→ **RAW DATA**
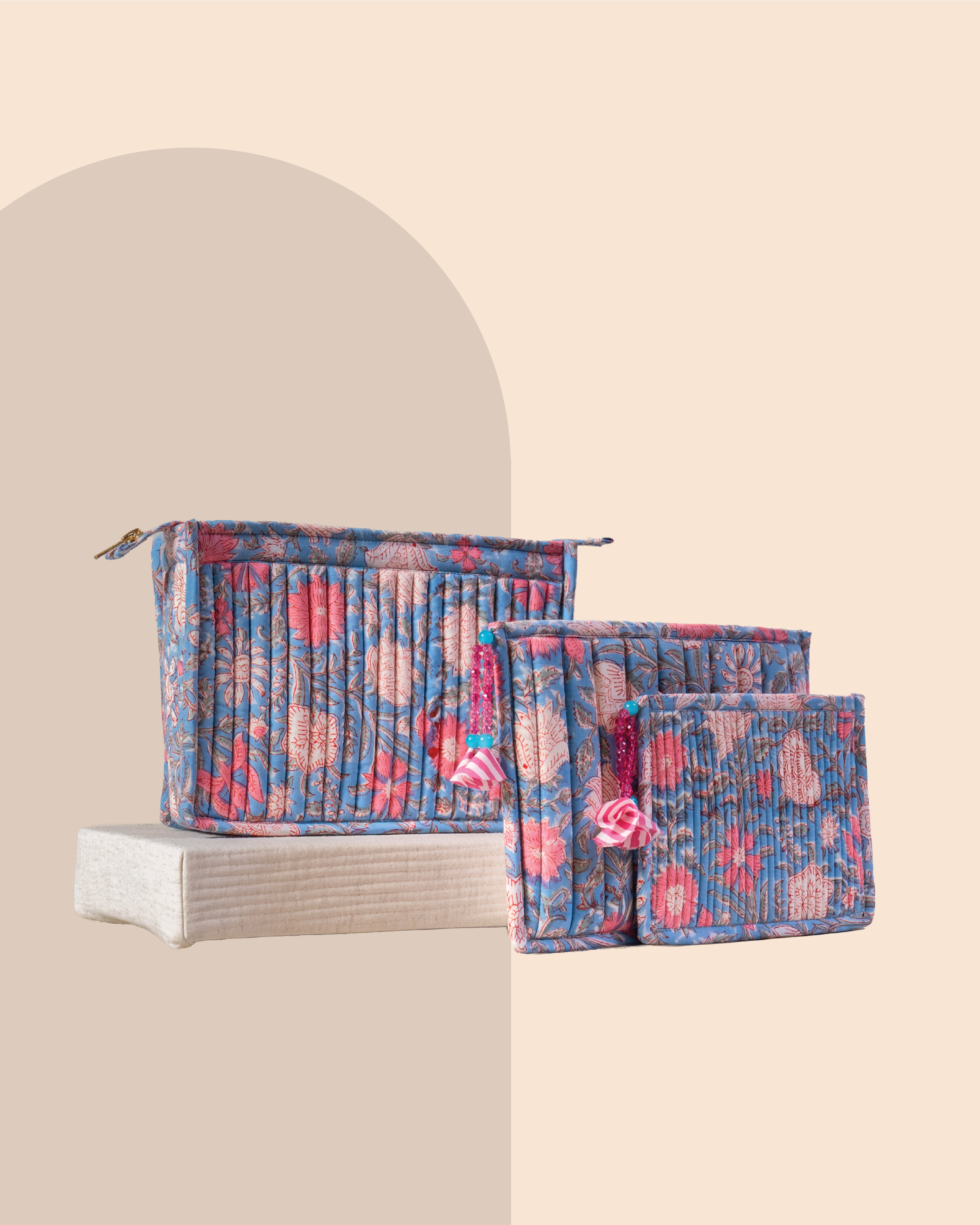 Powder Blue - Handblock Printed Quilted Pouch Trio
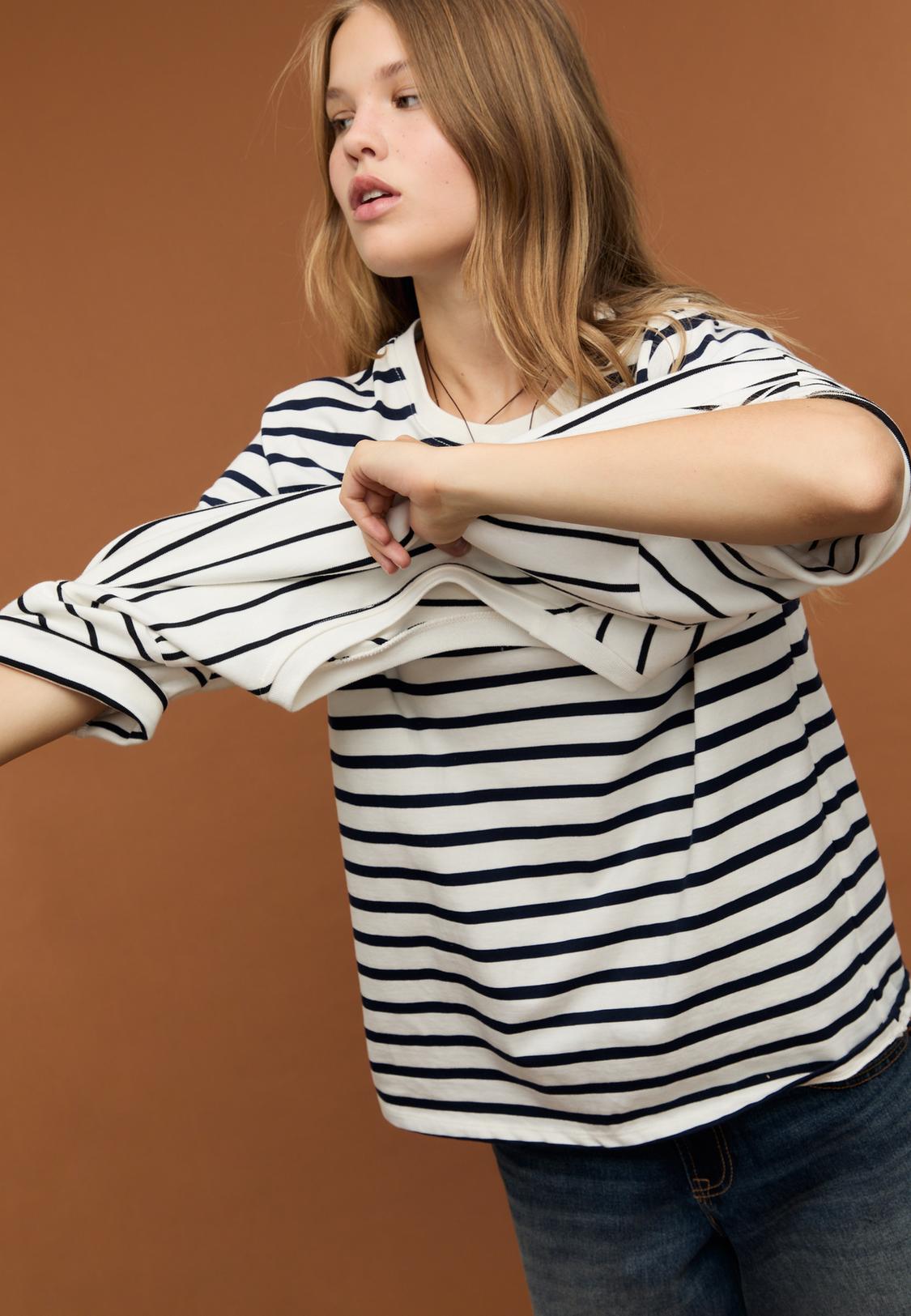 Basic heavy weight striped regular fit T-shirt Women's fashion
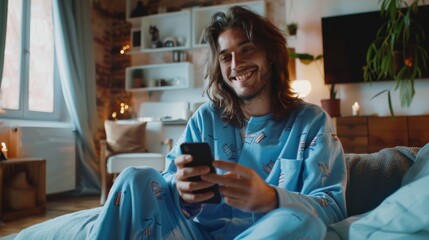 He is holding a cup of coffee as he scrolls through the newsfeed and checks social media notifications. Young Man with Long Hair is Using Smartphone at Home while Wearing Blue Pajamas. - Powered by Adobe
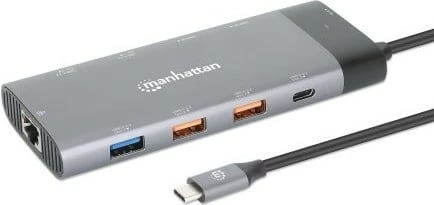 Docking station MANHATTAN USB-C PD 10-in-1, Dual Monitor 8K, gri
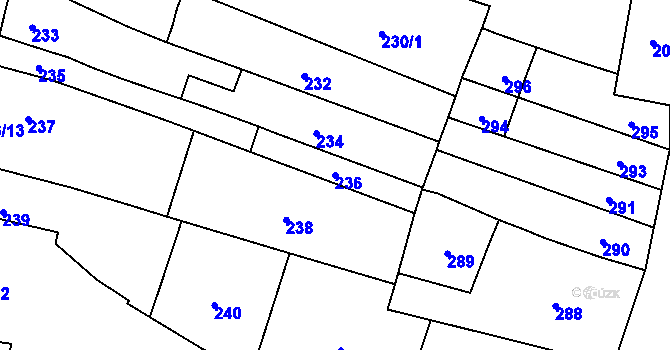 Parcela st. 236 v KÚ Měnín, Katastrální mapa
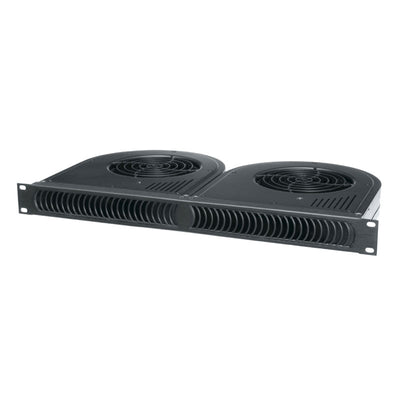 Middle Atlantic Blower Panel QBP-2A, dual-fan rack shelf in a front three-quarter view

→ **WORK REQUIRED**
Would you reproduce the records exactly as they stand, but without the pictures?

→ **RESPONSE TO THE EXERCISE**
 Powder Blue - Handblock Printed Quilted Pouch Trio
 Basic heavy weight striped regular fit T-shirt Women's fashion
 He is holding a cup of coffee as he scrolls through the newsfeed and checks social media notifications. Young Man with Long Hair is Using Smartphone at Home while Wearing Blue Pajamas. - Powered by Adobe
 Docking station MANHATTAN USB-C PD 10-in-1, Dual Monitor 8K, gri
 Parcela st. 236 v KÚ Měnín, Katastrální mapa
 Middle Atlantic Blower Panel QBP-2A, dual-fan rack shelf in a front three-quarter view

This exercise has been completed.